Asay did not cite anything for his claim other than a cursory comparison of the OpenTofu code and the BSL-licensed code at issue, and did not address whether or not he had talked to anyone from HashiCorp or OpenTofu before lodging such a serious accusation.
That accusation circulated across social media and in forums for more than a week before OpenTofu, which is backed by the deep pockets of the Linux Foundation, posted a side-by-by comparison of its code, the BSL-licensed code, and code that was previously available under the permissive Mozilla Public License used by HashiCorp until last year.
"The code in question can be clearly shown to have been copied from older code under the MPL-2.0 license," OpenTofu contributors wrote, and showed their work in a detailed comparison of hundreds of lines of code across the projects.
That seemed to be enough for Infoworld, which inserted an editor's note at the top of Asay's piece saying "based on these documents, it appears that the OpenTofu community did not misappropriate HashiCorp’s intellectual property" (emphasis theirs) but otherwise left the headline and copy of the article intact.
(Why a venerable enterprise tech publication continues to give a vendor marketing executive the space to write basically anything he wants, especially about a subject where he has an enormous conflict of interest given the similarities between MongoDB and HashiCorp's open-source licensing strategies, remains inexplicable.)
For its part, HashiCorp declined to comment on the whole affair, and its stock — which rose sharply last month after Bloomberg reported it was exploring a sale — fell almost 6% Friday.

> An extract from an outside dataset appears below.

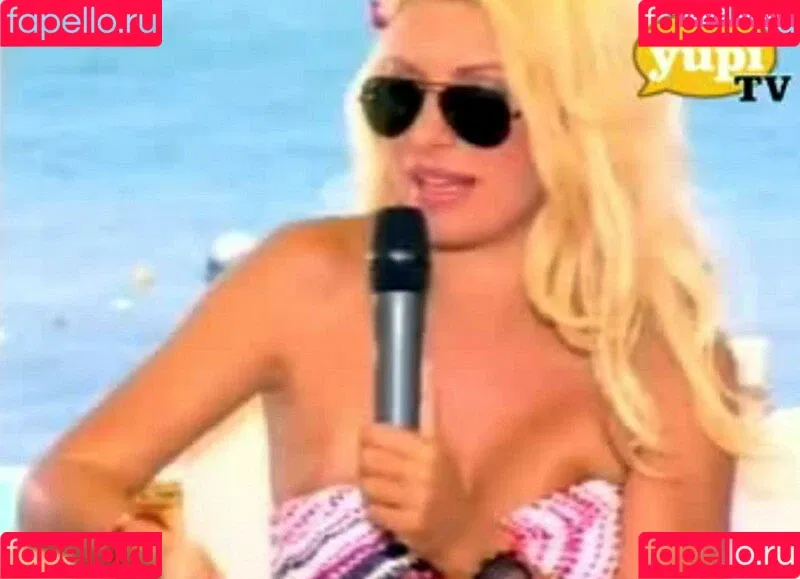 Eleni Menegaki Onlyfans Photo Gallery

Forks are by definition messy in the early innings, and the authors of the original project — whether they are $5 billion companies or weekend warriors — are never going to be happy about seeing someone else take their concept in a different direction.
There are legitimate legal concerns that a company like HashiCorp can have about the code used in a newly forked project, said Joe Duffy, founder and CEO of Pulumi, which is a direct competitor of HashiCorp.
Duffy worked at Microsoft in the aftermath of the battles between Sun Microsystems and Microsoft over Java in the early 2000s, and said Microsoft enacted a "clean room" strategy when developing the .Net framework where Microsoft engineers were told to never even look at Java documentation over fears they would inadvertently implement a .Net feature in the same way Sun added something to Java.
"It's really dangerous territory if OpenTofu is trying to maintain feature-by-feature parity" with Terraform going forward, he said. "If I were them, I would ignore anything Terraform is doing from here on out."
But the only reason to threaten the OpenTofu project in such a vague and easily debunked way is to sow good old-fashioned fear, uncertainty, and doubt among companies thinking about adopting an open-source version of Terraform, a tactic that has been part of enterprise marketing for decades.
After all, most forks fail on their own, as Duffy pointed out, and without smoking-gun evidence that OpenTofu stole its code any intimidation attempt by HashiCorp looks a little desperate. And if license changers like HashiCorp and MongoDB try to weaponize the legal system against good-faith attempts to fork projects that were previously open, we'll have entered a whole new period of open-source drama.